This article was co-authored by Ben Gaster, Director, Operations M&A, KPMG in Canada
In the hunt for value, size can be an advantage. Corporate organizations will often leverage their scale to embed cost-saving synergies or gain a procurement edge, yet the strategy is not as common among private equity (PE) funds. The question is often whether or not PE funds are even in a position to consolidate costs and create synergies across their portfolio and – perhaps, more importantly – if the payoff justifies the effort and potential disruptions?
The short answer is 'yes', but it can be difficult to crack the code.
That is not to say it is not being done. There are examples of PE funds that have succeeded in capturing value for their funds by identifying synergies across their portfolio of assets. Take working capital as one example. We know of one global investment firm that has deployed tools and techniques in a harmonized, systematic way across their portfolio to push working capital down across receivables, payables, and inventory. They implemented tried and tested techniques to minimize their working capital, and did so by hiring advisors to embed best practices across their portfolio. Momentum of this approach is building, with others applying a similar approach to cyber security, financial reporting as well as direct and indirect procurement.
One sure way to generate savings in procurement is to aggregate spend. If total indirect spend across a broad portfolio can be up to 5 percent of revenue; one can see merit in consolidating procurement when it comes to sourcing travel, hotels, IT expenses, mobile services, temporary labour, and other outsourced services (e.g. auditing, payroll, maintenance, etc.). Imagine the purchasing power of bringing $100M worth of business to one insurance provider, or working with one industry retailer to provide safety boots for an entire portfolio's manufacturing companies?
As with any cost-saving measure, there are several barriers to implementation. On one side, management prefers to have as little meddling as possible from their PE owners. They want freedom over their buying decisions and are likely to resist a PE fund's efforts to assume that buying power. On the other, there are too few success stories for PE funds to draw on to convince management it is worth pursuing. Skepticism over the true power of a centralized 'buying club' can run high.
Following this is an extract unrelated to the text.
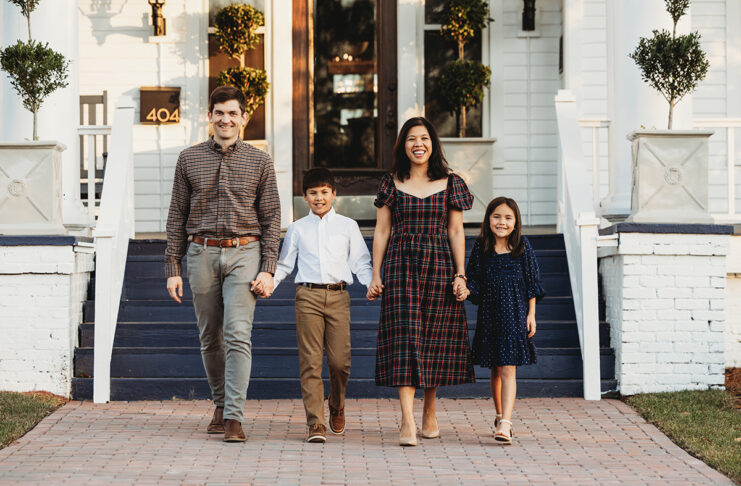 The O'Connor family of four, dressed in casual attire, walks hand in hand on a brick path in front of a white house with blue stairs.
The longer answer, then, is that leveraging scale to extract higher value from a PE portfolio is viable, but it is not as simple as flicking a switch. Smart PEs will find ways to overcome the barriers; perhaps by outsourcing the task to a procurement specialist, incentivizing management to let the PE fund assume control of the buying function, or both. Whatever the strategy, PE funds would do well to consistently track the savings and operational efficiencies that arise as a result of these initiatives to demonstrate their value and keep all stakeholders aligned.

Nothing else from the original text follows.